Copying starts at the line containing "Selected Homme slim" and stops after the last line of the records; each line is repeated exactly, and pictures are skipped.

*** ENTRIES SHOWN ***

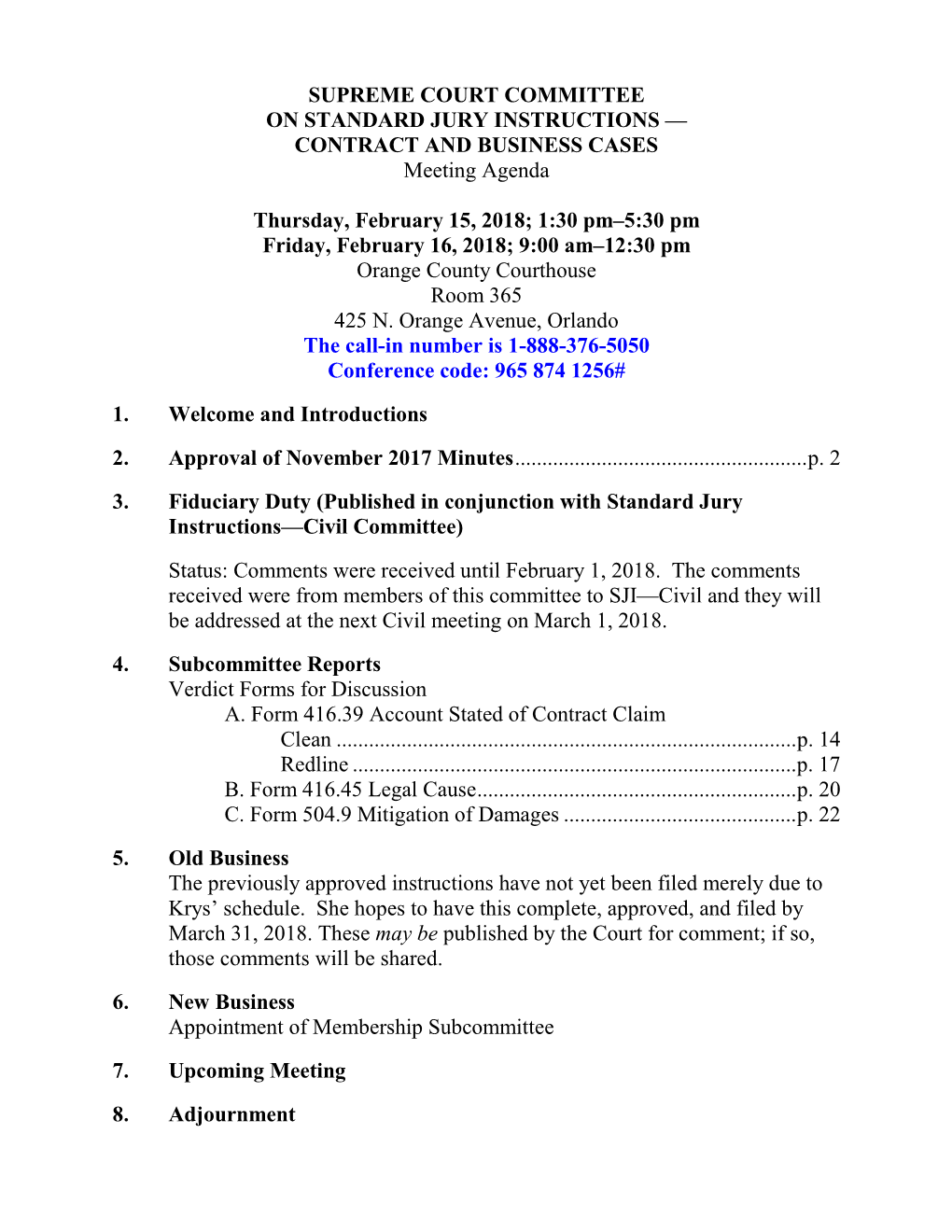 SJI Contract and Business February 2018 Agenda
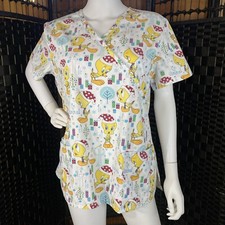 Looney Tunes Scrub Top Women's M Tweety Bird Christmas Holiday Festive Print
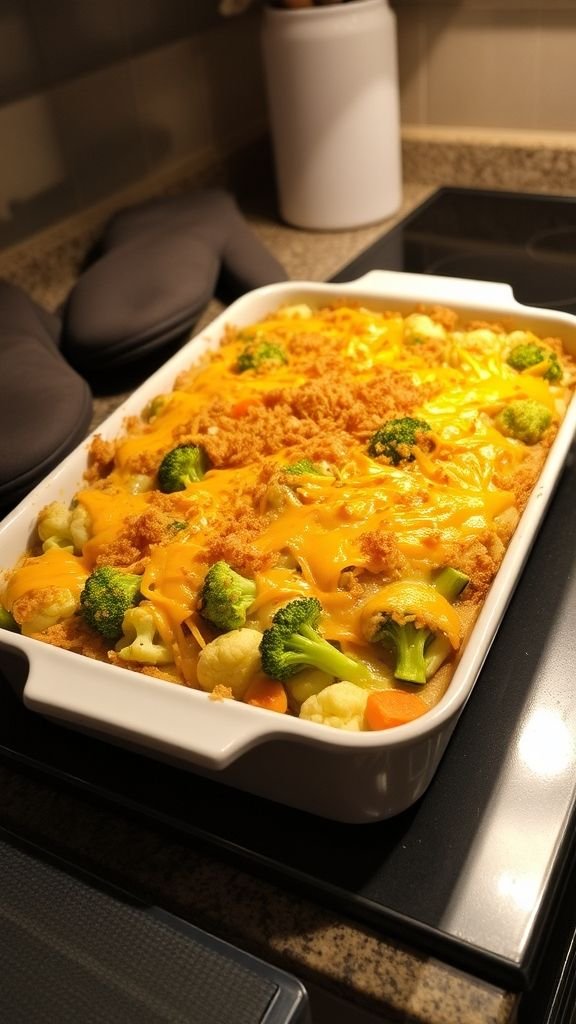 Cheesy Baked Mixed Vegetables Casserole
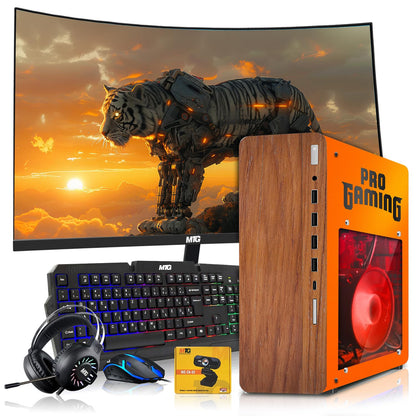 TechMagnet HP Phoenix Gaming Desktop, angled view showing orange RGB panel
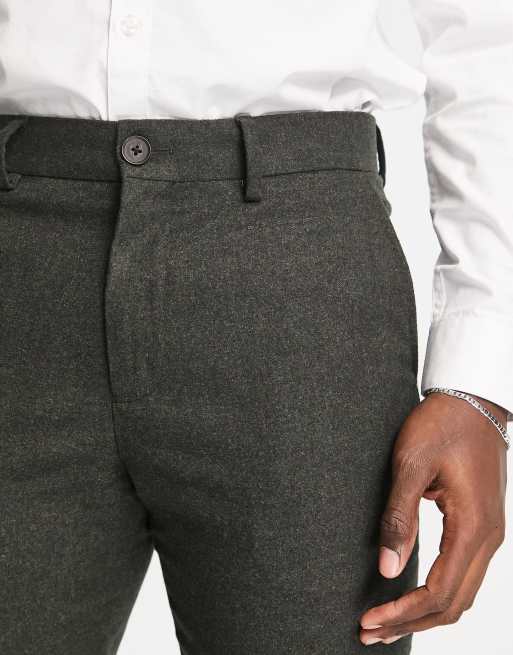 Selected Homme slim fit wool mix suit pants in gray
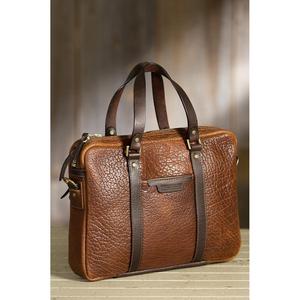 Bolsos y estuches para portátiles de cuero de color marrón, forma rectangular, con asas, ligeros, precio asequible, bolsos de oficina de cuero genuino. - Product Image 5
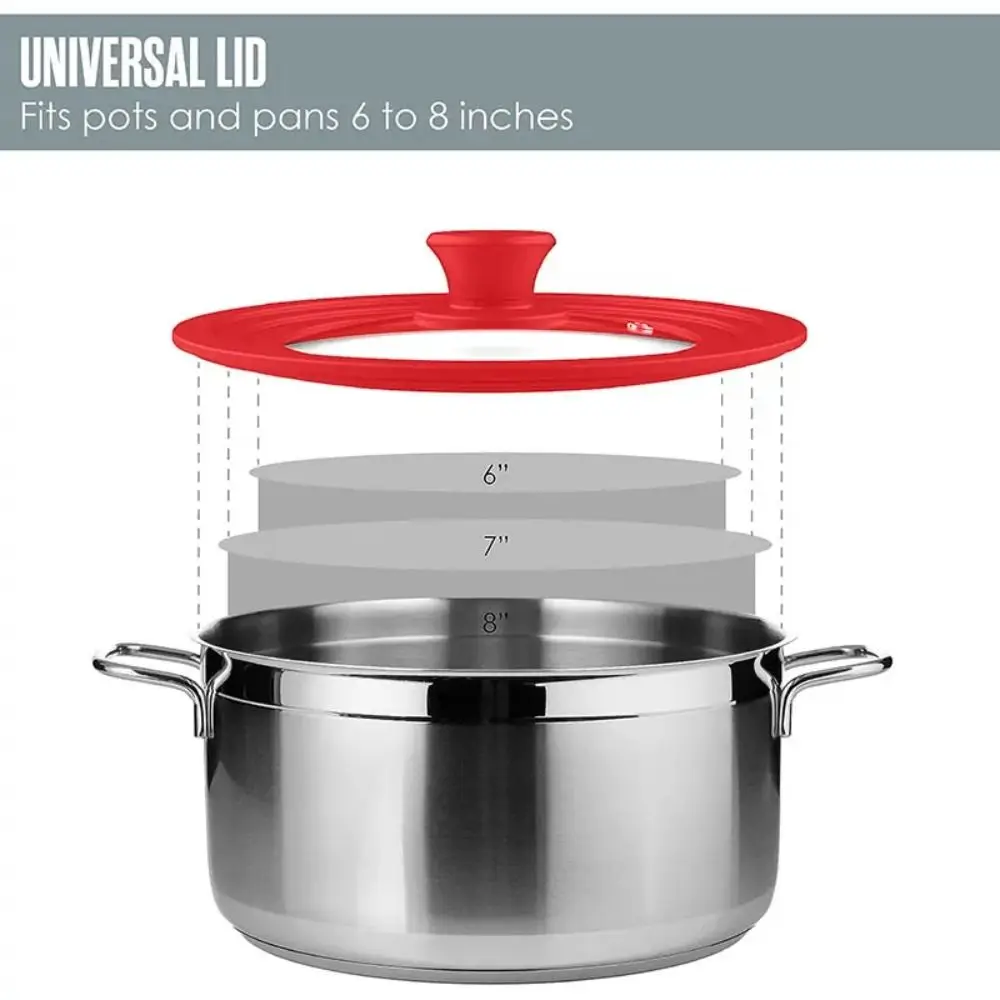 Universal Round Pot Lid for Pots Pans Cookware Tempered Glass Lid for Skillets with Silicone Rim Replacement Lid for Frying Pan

*** End of ENTRIES SHOWN ***

## RESULT
 Selected Homme slim fit wool mix suit pants in gray
 Bolsos y estuches para portátiles de cuero de color marrón, forma rectangular, con asas, ligeros, precio asequible, bolsos de oficina de cuero genuino. - Product Image 5
 Universal Round Pot Lid for Pots Pans Cookware Tempered Glass Lid for Skillets with Silicone Rim Replacement Lid for Frying Pan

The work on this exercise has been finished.